Настойчиво повторяются эти вопросительные звуки. Голос тот же самый, который я уже слышала, когда пробуждалась между падениями в серую паутину. Вылавливаю одно понятное слово: mademoiselle.

Ломает меня чувство голода, скручивающего внутренности, возникшее одновременно с исчезающим запахом бульона, проникшим в помещение следом за обладательницей обуви из шпагата. Перестаю притворяться снулой рыбой.

— Я хочу есть!

— Кр‑ру, омр‑ру, гр‑ру! — обрадовалась немолодая подруга в медсестринском халате.

— Boulangerie, mniam, mniam!{42} — я заплямкала, как людоед. Словно из глубокого омута, из повреждённой памяти выплыло французское название места торговли хлебом. Ничем другим я не смогла выразить ощущения пожирающего меня голода.

— Si, si, mniam!{43} — медсестра показала жестами, как кладут еду в рот, и испарилась из комнаты.

Она снова вкатилась вместе со столиком на колёсиках, везя невзрачную мисочку и чашку с несколькими шариками кондитерского горошка{44} на дне.

— Ещё! — моментально проглотив содержимое, я продемонстрировала пустую посуду.

— Non{45}, — она собрала приборы и отвела передвижной буфет под стену.

— Жабоедка! Я голодна и хочу повторения!

В ответ на это вошли двое мужчин. Старший, весь в тональности чая с молоком, заполнил собой кривоногое кресло возле камина, младший присел на край кровати. У него были каштановые волосы, брюки из парусины, кремовая рубашка и верёвочные сандалии.

— Уже начинаешь напускаться на медсестру, Мустела, неплохо! — похвалил он меня по‑польски.

Как я обрадовалась! Он говорил по‑человечески, знал моё имя и не был Урсыном. Он взял меня за сустав и поговорил с медсестрой.

— Вы врач?

— Да. Зови меня Мишель.

— В Бланьяке, в летнем доме господина Андрэ Констана, — Мишель показал «чайного». Тот улыбнулся и кивнул мне головой.

Я подумала, что это один из работающих в спорте знакомых Урсына, которые, как говорили, у него есть в разных странах мира.

— Она меня голодом морит, Мишель, — донесла я на подругу в белом чепце.

— Ты лежала под капельницей. К еде должна привыкать постепенно.

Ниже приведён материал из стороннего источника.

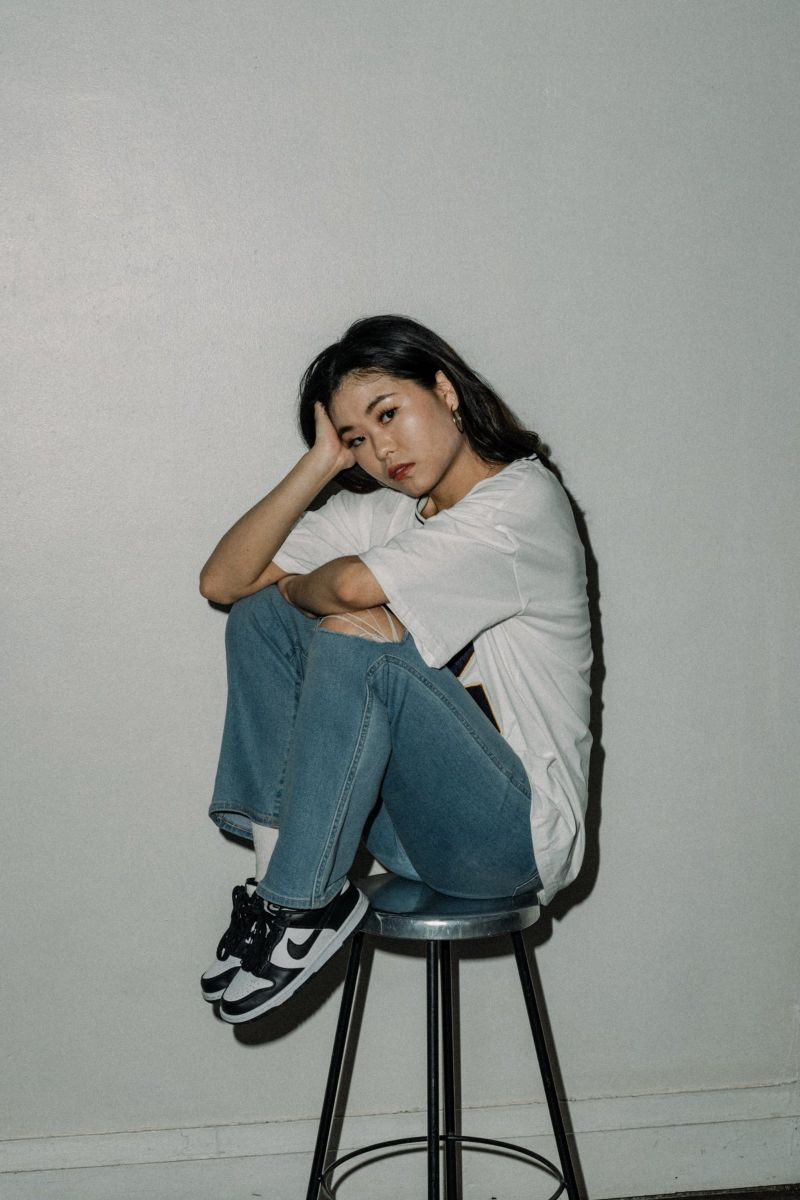 Seated portrait in a jersey and jeans
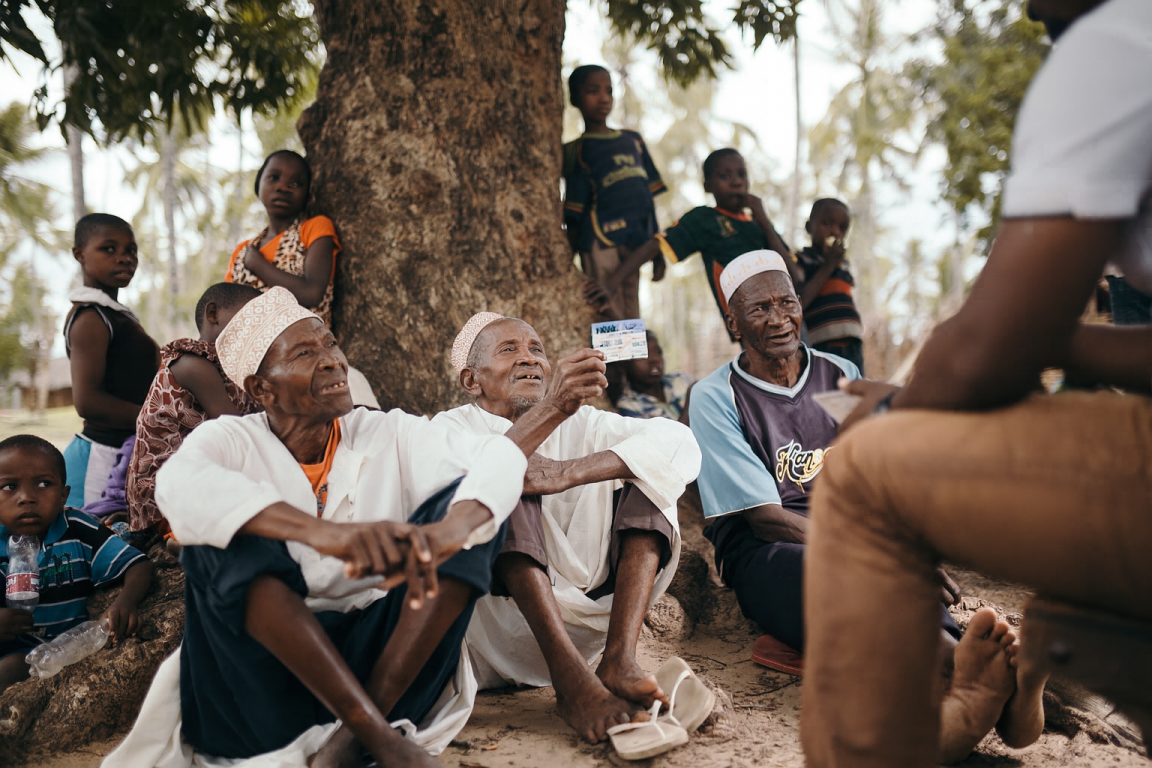 Several people sitting or standing next to a tree as they receive information about health insurance; one man is holding up a health insurance card. 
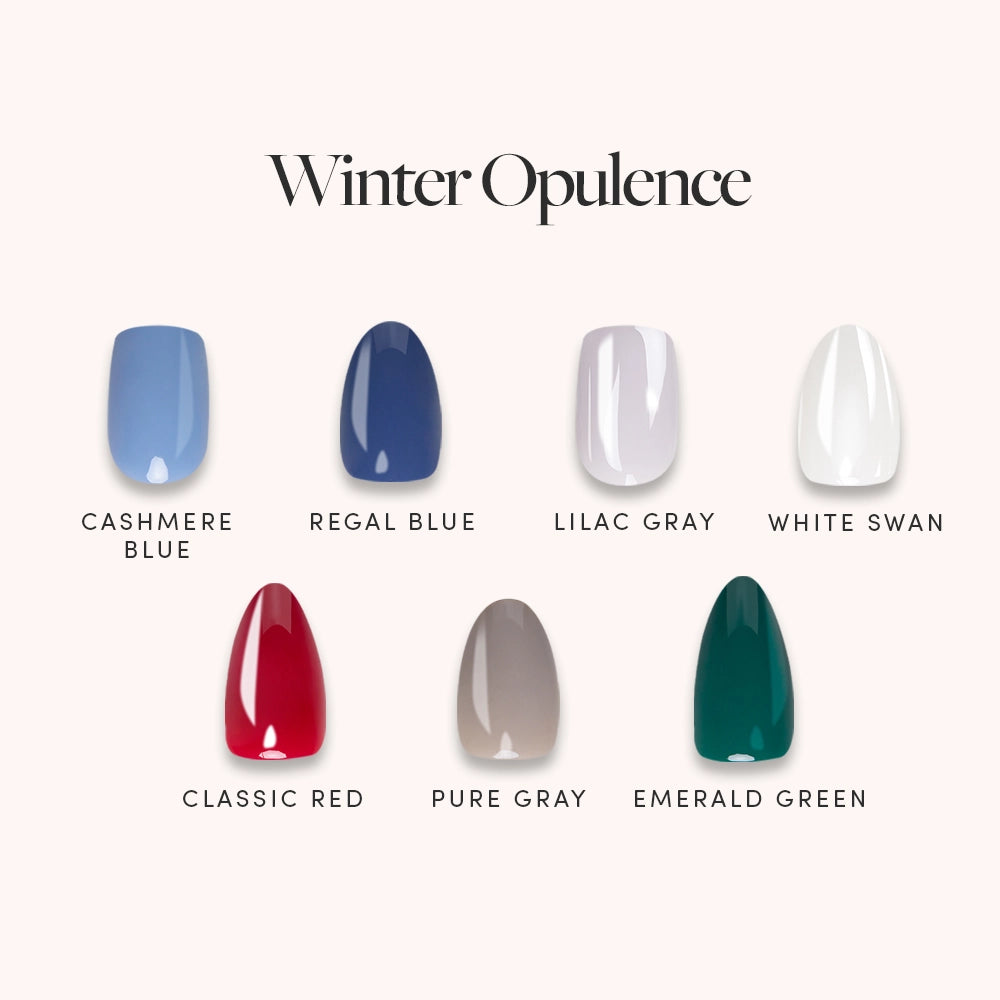 Six glamnetic nail polish shades—Cashmere Blue, Regal Blue, Lilac Gray, White Swan, Classic Red, Pure Gray, and Emerald Green—shine in the Winter Opulence collection. Ideal for at-home manicures or elevating your glamnetic nail set. - Product image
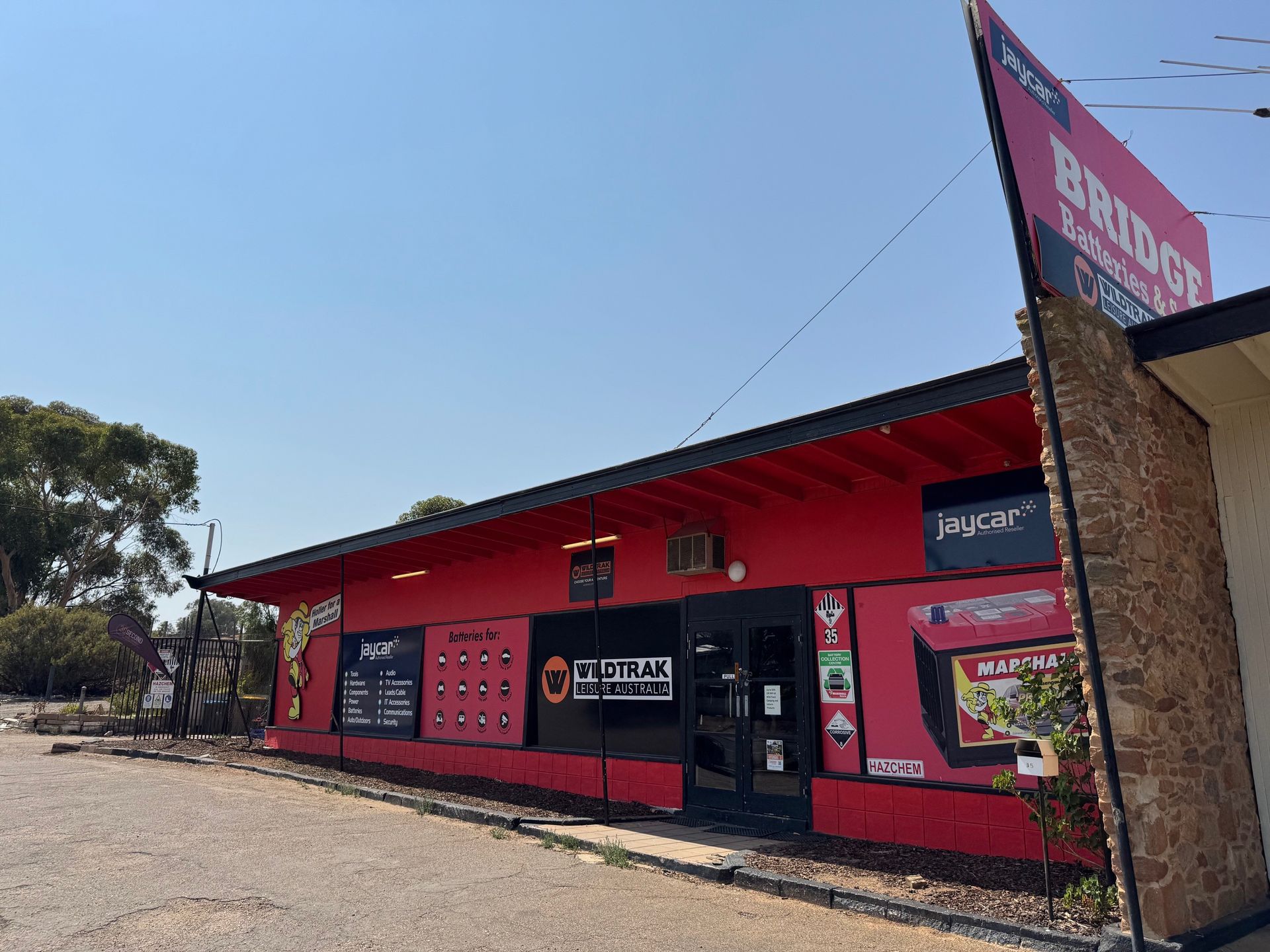 A red building with a sign that says bridge on it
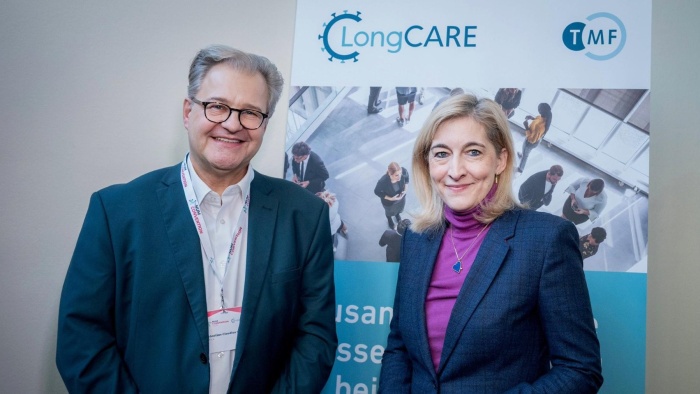 Zwei lächelnde Personen stehen nebeneinander vor einem Roll-up-Banner mit den Logos ‚LongCARE‘ und ‚TMF‘. Beide tragen Businesskleidung; die Person links trägt eine Brille und ein Namensband, die Person rechts ein Sakko über einem farbigen Rollkragenpullover.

— Я не чувствую, чтобы я от еды отвыкла, Мишель.

Он рассмеялся и кивнул медсестре. Я получила ещё пару капель бульона, не больше, чем кот наплакал. Я их проглотила и перестала об этом напоминать: на добавку рассчитывать не приходилось.

— Сколько дней я здесь торчу?

— Десять.

— Ну, вот и почаёвничали! — мне стало страшно.

— Ты жива! У тебя впереди ещё много чаепитий, — Мишель, хоть и говорил без ошибок по‑польски, понял моё восклицание буквально.

— Выигрыш сделал мне ручкой! — объяснила я, но он и этого не понял.

Выигрыш!

Я не бежала на сто метров, не бежала на двести. Соревнования прошли без меня. Они должны были длиться шесть дней, плюс один день отдыха перед и один день на посещения после. Как ни считай, прошло уже два дня, как наша группа улетела из Ниццы. Я чувствовала себя так, будто умер близкий мне человек.

Хотя с момента прихода в сознание я отдавала себе отчёт в том, что прошло столько времени, я по‑страусиному хотела отсрочить встречу с Урсыном. Перспектива разговора с ним наполняла ужасом и, как обычно, всё неприятное я старалась отодвинуть как можно дальше.